In Lesson-1 we are using resnet34. But I noticed that there were few more options available.
I did try the complete steps on resnet18, I found that results from resnet34 and resnet18 were almost similar. Just curios to know why we are using resnet34? I’ve not tride out the other options yet. But before doing that want to understand the rationale behind showing the demo with resnet34.
I wouldn’t read too much into the arch choice. In general it is a good idea to try out a couple and see how they perform.
For me, resnet34 would be one of the first architectures if not the first I would try out - it seems to offer very good performance vs it size (which impacts training time) and allows for bigger batch size.
As a rule of thumb the more complex the problem, the bigger an arch you might need. All of the archs from your screenshot have been pretrained on imagenet and in general telling a cat from a dog is probably not the hardest of tasks for a CNN hence going for something relatively small seems to make a lot of sense.
Thanks for your response. I’m still not completely convinced. I think just batch size or size is any constraints, I was able to go to batch size beyound 64K in both resnet18 and resnet34. Here is the sample data for resnet34, which I gathered to benchmark my system’s performance.
Batch Size
trn_loss
val_loss
Accuracy
Wall Time (seconds)
64
0.031134
0.028481
0.989
15.7
128
0.028619
0.029348
0.989
14.1
256
0.032689
0.022995
0.991
13.2
512
0.038162
0.025427
0.9895
12.7
1024
0.055639
0.02597
0.988
12.2
2048
0.08693
0.034631
0.987
11.4
4096
0.165338
0.048062
0.983
11.5
8192
0.303578
0.060767
0.9795
10.1
16384
0.346356
0.091748
0.98
6.15
32768
0.651255
0.262653
0.927
4.66
65536
0.676977
0.250999
0.9475
4.74
131072
0.56841
0.24005
0.9415
4.73
Any inputs would certainly help. What does 34/18/101/xyz numbers signify?

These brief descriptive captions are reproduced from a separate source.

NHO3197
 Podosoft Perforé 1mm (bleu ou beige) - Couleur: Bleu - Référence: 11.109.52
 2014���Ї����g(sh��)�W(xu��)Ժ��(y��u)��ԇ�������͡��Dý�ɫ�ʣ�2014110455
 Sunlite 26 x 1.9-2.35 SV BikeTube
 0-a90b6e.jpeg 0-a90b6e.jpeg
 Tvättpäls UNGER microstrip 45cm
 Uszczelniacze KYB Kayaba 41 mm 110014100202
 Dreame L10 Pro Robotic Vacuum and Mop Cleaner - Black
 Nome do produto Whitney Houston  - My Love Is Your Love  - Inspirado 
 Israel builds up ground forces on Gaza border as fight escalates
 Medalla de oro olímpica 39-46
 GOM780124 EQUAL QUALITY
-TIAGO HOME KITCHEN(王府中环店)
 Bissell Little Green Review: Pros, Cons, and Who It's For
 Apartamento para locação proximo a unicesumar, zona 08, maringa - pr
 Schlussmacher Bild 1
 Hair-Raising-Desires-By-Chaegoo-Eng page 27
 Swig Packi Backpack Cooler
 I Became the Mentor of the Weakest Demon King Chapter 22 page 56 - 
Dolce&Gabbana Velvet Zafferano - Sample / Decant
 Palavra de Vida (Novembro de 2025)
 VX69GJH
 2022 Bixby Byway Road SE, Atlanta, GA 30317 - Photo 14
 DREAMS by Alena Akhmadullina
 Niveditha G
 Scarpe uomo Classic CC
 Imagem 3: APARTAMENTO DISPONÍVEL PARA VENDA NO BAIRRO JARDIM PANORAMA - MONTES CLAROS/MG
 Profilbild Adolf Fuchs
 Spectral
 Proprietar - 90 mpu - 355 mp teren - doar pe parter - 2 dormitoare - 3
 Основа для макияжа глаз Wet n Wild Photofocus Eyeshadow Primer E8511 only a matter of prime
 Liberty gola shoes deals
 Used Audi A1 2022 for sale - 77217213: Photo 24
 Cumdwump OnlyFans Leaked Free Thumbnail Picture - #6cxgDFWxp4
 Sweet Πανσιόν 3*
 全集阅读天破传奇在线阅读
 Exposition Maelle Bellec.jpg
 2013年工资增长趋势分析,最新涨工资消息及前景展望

The 34 is how many layers are in the network. Resnet34 shown here https://i.imgur.com/nyYh5xH.jpg. Larger networks can model more complex problems, but at the risk of over fitting. You would need more regularization for larger networks. The reason why resnet34 is used is because its performance to accuracy trade off is fine for the problem. Larger networks would take longer to train, and use more memory than smaller networks.
There’s no point using those enormous batch sizes. Stick with 128 to keep it simple. You should be running through all the steps - only do at most 2 epochs with precompute, then a few epochs unfreezing the different layer groups, like in the lesson 1 notebook. And try TTA too. See what the best accuracy you can get is with each architecture.
Thanks @jeremy, I will take your advice and continue. Will post my results about the observations I’ll be making with TTA on different resnet shortly.
I built my own DL setup and hence was doing the testing on how well my system coupes up with different batch sizes. In some threads in this fourm people were discussing about batch size to determine the capacity or performance of their system. So I was experimenting with batch sizes, to get the max load limit of my system.